Bangladesh: Report published by witness signatories to the Accord highlights need for new legally binding safety agreement to protect workers in supply chains of global fashion retailers
“Unfinished Business: Outstanding safety hazards at garment factories show that the Accord must be extended and expanded”, 30 April 2021
The Accord on Fire and Building Safety in Bangladesh (the Accord) is set to expire on May 31, 2021 ... Unions and labor rights advocates have proposed a binding successor agreement that will continue the Accord in Bangladesh and expand the model to other countries ... Apparel brand signatories of the groundbreaking agreement must decide whether to continue and expand the Accord’s life-saving work or to allow it to expire, and risk the lives of innumerable workers.
It is well established that the Accord has been the most successful safety program in the contemporary history of apparel supply chains…
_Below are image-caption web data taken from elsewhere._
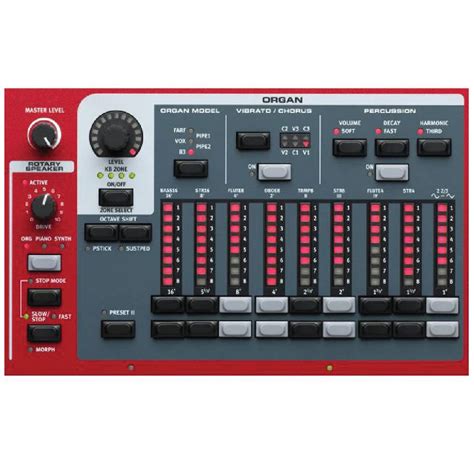 Nord Stage 3 Compact – 73 Keys Digital Keyboard – Zaconnekt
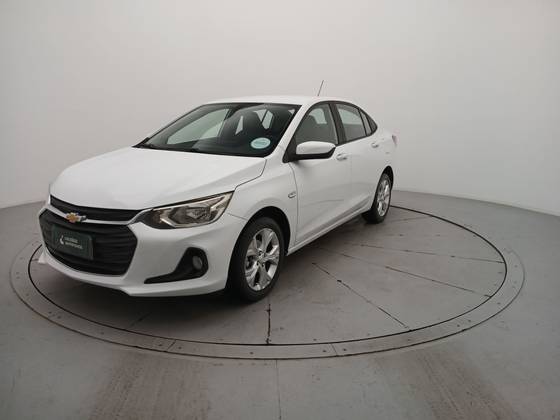 CHEVROLET ONIX 1.0 TURBO FLEX LTZ AUTOMÁTICO
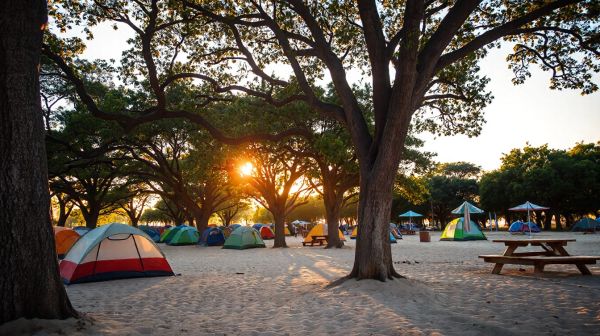 Top 5 campings à Fouesnant pour des vacances en famille inoubliables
… [D]espite this extraordinary progress, deadly safety risks remain in a substantial number of factories producing for Accord signatory brands … this report enumerates uncorrected safety hazards at factories producing for 12 leading brands covered by the Accord … Every brand included in this report is fully aware of the safety deficiencies at its factories in Bangladesh and receives regular reports on these from the Accord.
… [I]f the Accord agreement is not extended and expanded:
The circumstances of factories with unresolved safety problems would get worse, not better … [F]actories and brands would no longer have the critical financial incentive … to motivate and allow factories to protect the progress that has been made…
Voluntary initiatives would replace the Accord’s safety program, leaving companies unaccountable … The inevitable result of any non-binding replacement would be more injuries and deaths in garment factories.
The failure of brands to extend and expand the Accord would prevent progress in other garment-producing countries.